The reason for the apparent apathy with regard to the Rajya Sabha elections is because the Rajya Sabha MPs are elected by the Members of the Legislative Assembly of each state using the single transferable vote system. Since the parties know how many MLAs they have in each assembly they are content to divide up the Rajya Sabha seats in the same proportion rather than putting up candidates and vying to get other party MLAs’ support as well.
This has led to a situation where any party leader can get elected to the Rajya Sabha regardless of his relationship with the state he is contesting from. In the present round of elections, Railway Minister Suresh Prabhu whose entire political career has been from Maharashtra, has been elected unopposed from Andhra Pradesh. Another minister, Venkaiha Naidu is from Andhra Pradesh but previously represented Karnataka in the Rajya Sabha and has just been elected from Rajasthan in 2016. Similarly, veteran lawyer Ram Jethmalani who has spent his entire career in Mumbai or Delhi has been elected unopposed from Bihar on an RJD ticket, a party he just joined.

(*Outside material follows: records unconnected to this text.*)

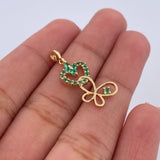 Dije Silueta Corazon Mariposa 1.35gr / 2.5cm / Esmeraldas 19 Pts Oro Amarillo 18K (Joya) &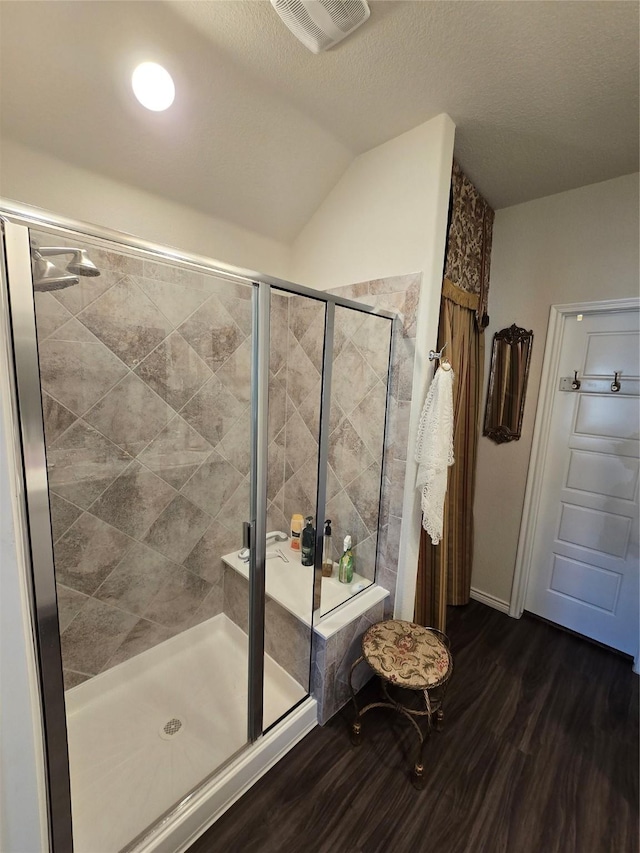 bathroom featuring a shower with door, vaulted ceiling, hardwood / wood-style flooring, and a textured ceiling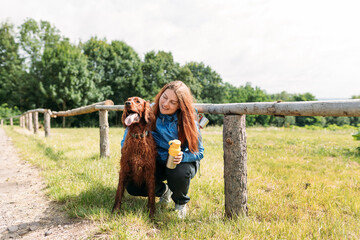 Woman and her friend dog on country road background. Human and a dog. Concept of solitude and...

The use of Rajya Sabha by political parties in this manner completely defeats the original intention of the framers of the Constitution. They intended that MLAs would send local leaders to the Upper House to represent the view of the state while debating central legislation.

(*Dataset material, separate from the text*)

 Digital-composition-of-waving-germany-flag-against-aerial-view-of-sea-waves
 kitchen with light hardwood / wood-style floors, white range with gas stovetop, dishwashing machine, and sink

The obvious question that arises is that; why don’t local MLAs refuse to vote for outsiders parachuted in by the party high command. With the possibility of a local rebellion the party big wigs would have hesitated from putting up candidates with no local background. In 2003, the Parliament amended the Representation of People’s Act to base the Rajya Sabha elections on an open ballot system rather than closed or secret ballot. This means that the way each MLA votes is now public knowledge and any MLA voting in defiance of the party whip can face action from the party as the Janta Dal (Secular) MLAs are finding out in this election cycle.
Furthermore, the same amendment also removed the requirement that a candidate for Rajya Sabha elections be an elector in the State which he seeks to represent. Though prior to 2003, some MPs did anyway represent states they did not have any relation to, the most prominent example being former PM Manmohan Singh as a Rajya Sabha MP from Assam, yet this requirement at least tried to ensure that the Rajya Sabha representatives be from the State they represent. Following the removal of this provision, the abuse has only grown. The interests of the people of the states they are supposed to represent have been sacrificed to make Rajya Sabha an avenue for political parties to get their senior and/or unelectable leaders into the Parliament, real quick.
If we truly desire that Rajya Sabha serve the purpose of giving states a voice in the affairs of the Centre it would be prudent to overhaul the system of Rajya Sabha elections. Step one should be the roll back of the 2003 amendments. Following that, India would be wise to consider a complete overhaul in the days to come. Strict residence requirements for candidates, direct elections with the state divided up into larger constituencies or even whole state as one constituency (similar to Senate elections in the US) are all ideas which may give results more in line with the intended purpose of the Rajya Sabha.